First, in response to a load instruction for the data in the (j-1) th row of the memory, the data in the (j-1) th row is transferred from the memory to the processor array to r1 of each PE.

Next, similarly, by a load instruction,
The data of the j-th row and (j + 1) -th row of the memory are transferred to r2 and r3 of each PE.

At this point, the 1-bit register r1 (i) of PE (i) stores M (i, j-1), and r2 (i) stores
M (i, j) and r3 (i) hold M (i, j + 1).

When a bit pack instruction is performed with the destination register 23 of PE (i) set to rd (i), the MSB (bit 7) of rd (i) is changed to LSB.
In the order of (bit 0), r1 (i-1), r1 (i), r
1 (i + 1), r2 (i-1), r2 (i + 1), r3
The contents of (i-1), r3 (i), and r3 (i + 1) are stored.

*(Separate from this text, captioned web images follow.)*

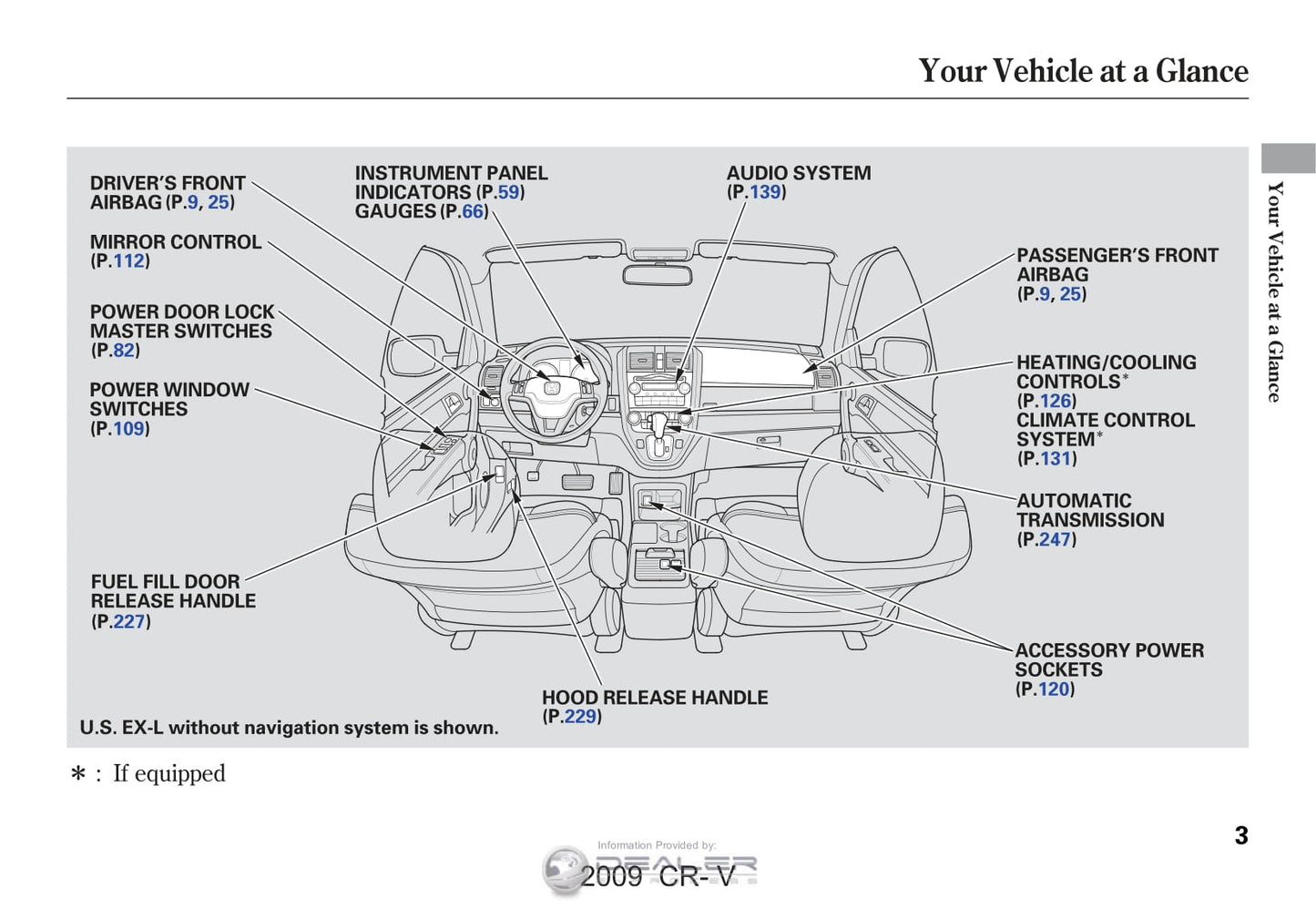 2009 Honda CR-V Owner's Manual | English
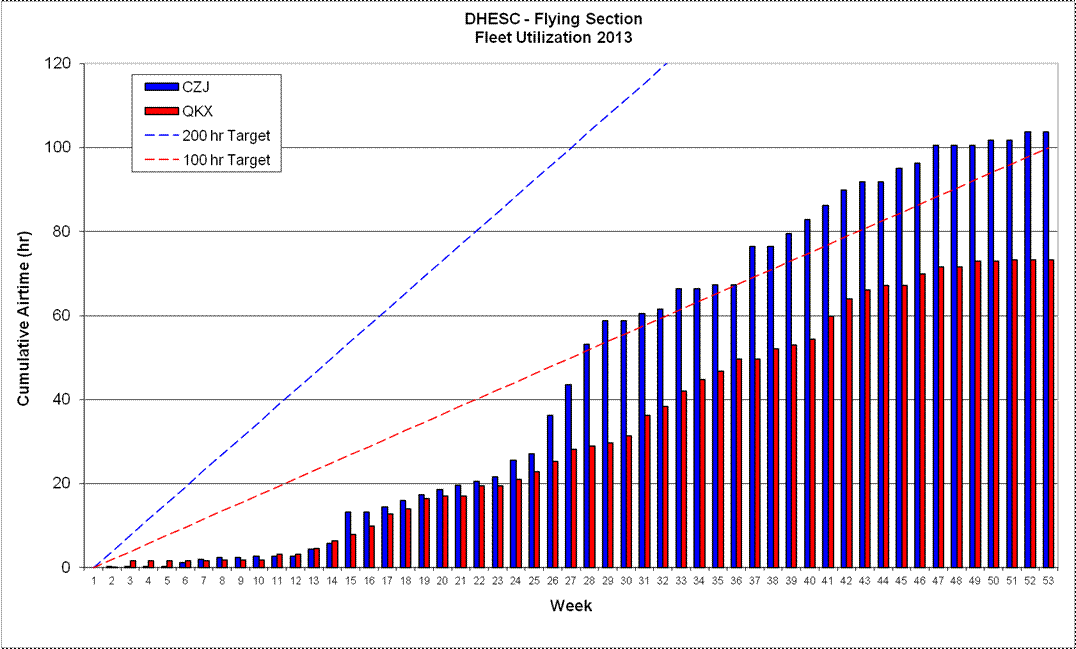 Aircraft Utilization 2013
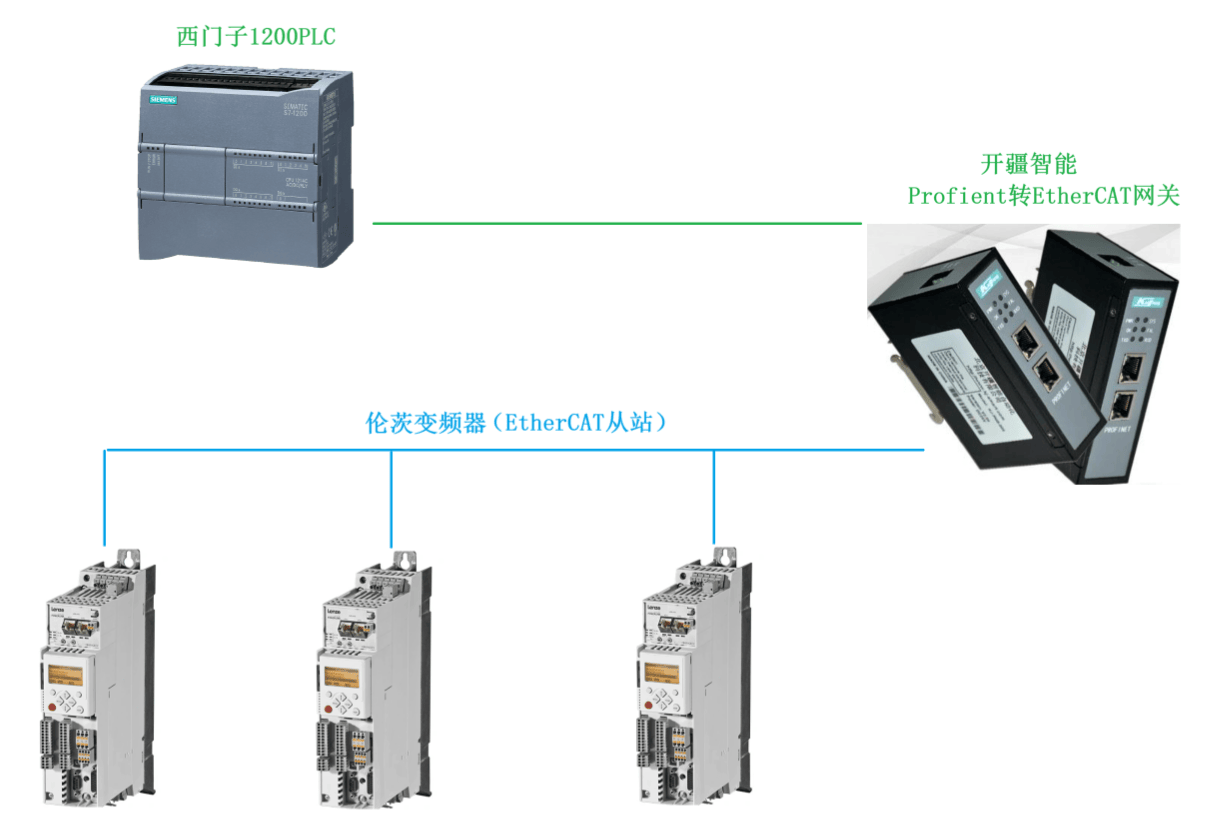 Profient<b class='flag-5'>ת</b><b class='flag-5'>EtherCAT</b><b class='flag-5'></b>״ıƵð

As a result, of the binary data in the 3 × 3 pixel area centered on the central pixel P (i, j), the data of eight pixels excluding the central pixel P (i, j) is rd (i). ) Is stored as a bit packed.

The above-mentioned bit pack processing is performed by
(I): 1 ≦ i among n PEs of 0 ≦ i ≦ n−1}
It is executed simultaneously in PE (i) in the range of ≦ n−2.

Exception processing is performed for the PEs at both ends of the one-dimensional processor array 1. FIG. 4 is a diagram for explaining the operation of the bit pack processing at the PEs at both ends.

PE (0) and PE at both ends of a processor array consisting of a one-dimensional array of n processor elements
For (n-1), PE (-1), PE
Since (n) does not exist, depending on the application, PE (0)
And PE (n−1) are regarded as adjacent PEs, and data is required. When it is necessary to input “0” as data from the PE direction where no adjacent PE exists, the adjacent PE
In the case where it is necessary to input "1" as data from the PE direction in which no data exists, there are three typical cases.

Therefore, in the present embodiment, one of the three modes described above is set in advance in the mode register 25 by an instruction in the mode register 25, and the set 2-bit value is used as a selection signal. Selector 24 selects the value of 1-bit register r1, r2, r3 of PE (n-1) or "0" or "1" for PE (0). Similarly, the selector 24 using the output from the mode register (m1) 25 as a selection signal causes the 1-bit register r of PE (0) to
The value of 1, r2, r3, “0” or “1” can be selected.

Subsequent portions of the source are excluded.